C’est du moins ce que révèle une étude publiée dans la revue spécialisée Nature Neuroscience, qui dévoile un phénomène fascinant se déroulant au niveau cérébral à l’arrivée du printemps.

Ainsi, notre cerveau «effacerait» des cellules endommagées et préparerait les cellules souches capables de les remplacer à entrer en action. Le procédé est maintenant connu sous le terme d’autophagie.

C’est ce qu’ont constaté les chercheurs de l’Université du Michigan, aux États-Unis, qui sont à la tête de cette étude étonnante. Ils ont même trouvé que le phénomène de ménage printanier cérébral observé serait dû à la protéine FIP200, qui permet de procéder à cette véritable mise à jour centrale.

Par ailleurs, on note que ce processus semble ralentir avec l’âge, ce qui expliquerait en partie pourquoi les gens plus âgés sont enclins à développer des problèmes cognitifs ou de démence.

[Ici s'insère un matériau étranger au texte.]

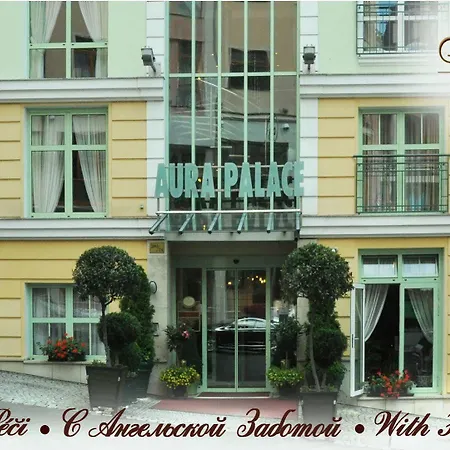 Aura Palace And Wellness Ξενοδοχείο Κάρλοβι Βάρι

«Grâce à l’autophagie, les cellules souches neurales peuvent réguler les niveaux des espèces réactives de l’oxygène ou radicaux libres qui peuvent s’accumuler dans certaines régions du cerveau et dont des niveaux anormalement élevés peuvent déclencher leur différentiation», résume le professeur Jun-Lin Guan, de l’Université du Michigan.